Ultracold Dipolar Molecules
Artistic rendition of ultracold molecules
(credit: Jose-Luis Olivares/MIT)
Dipolar interaction between molecules
Dipolar molecules under a microscope
Prepared at nano-Kelvin (nK) temperatures in a pristine, ultrahigh vacuum environment, ultracold atomic gases have become a wonderful testbed to explore novel quantum phenomena. The immense tunability these systems offer, together with the precision tools that atomic physics provides, has led to hallmark advances in quantum physics, ranging from the observation of Bose-Einstein condensates and strongly interacting Fermi superfluids to the quantum simulation of challenging condensed matter Hamiltonians.
However, experiments with neutral atoms have an important limitation in that the underlying interaction between a pair of atoms is a simple contact interaction – essentially, a quantum mechanical version of collisions between a pair of billiard balls. In contrast, molecules that have stable electric dipole moments in their electronic ground state experience strong dipole-dipole interaction that is long-range and spatially anisotropic. In the quantum regime, these molecules are predicted to give access to a host of exciting opportunities such as realizing exotic topological superfluids and quantum crystals and performing the quantum simulation of extended Hubbard models and spin Hamiltonians that require long-range interactions.
Our current research focus is to create a quantum gas of strongly dipolar molecules in a versatile experimental setup that combines state-of-the-art optical trapping and imaging techniques. By incorporating a high-resolution imaging objective, we aim to explore the many-body states of this system with single-site imaging resolution of molecules in the presence of an optical lattice. Furthermore, a regular array of these molecules will be a starting point to construct a highly scalable processor for quantum computing, where the rich manifold of molecular internal states will allow the robust storage of quantum information and the strong dipolar interaction will allow processing of information.
Other Research Interests: Strongly Interacting Fermi Gases
Strongly interacting atomic Fermi gases realize an effective spin-1/2 system whose interspin interaction strength can be arbitrarily and precisely tuned.
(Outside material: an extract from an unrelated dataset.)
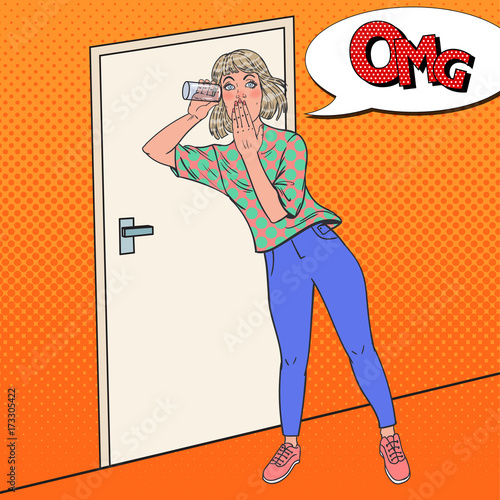 Pop Art Shocked Woman Listening Conversation with Glass. Girl Eavesdrops. Vector illustration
Using what is known as a "Feshbach resonance," the scattering length between the spin-up and -down atoms can be tuned from positive (repulsive) to negative (attractive) values, and can even be made to diverge (unitarity). At sufficiently low temperatures, in each of these interaction regimes, the atoms pair up and condense to form a superfluid, whose microscopic description smoothly crosses over from that of a BEC of bosonic molecules to that of a BCS superfluid of Cooper pairs in momentum space. At unitarity, where the scattering length has diverged, a novel form of interaction-driven high-temperature superfluidity is realized, whose scale-invariant nature provides connections to other exotic states of matter such as those found in neutron stars and quark-gluon plasmas.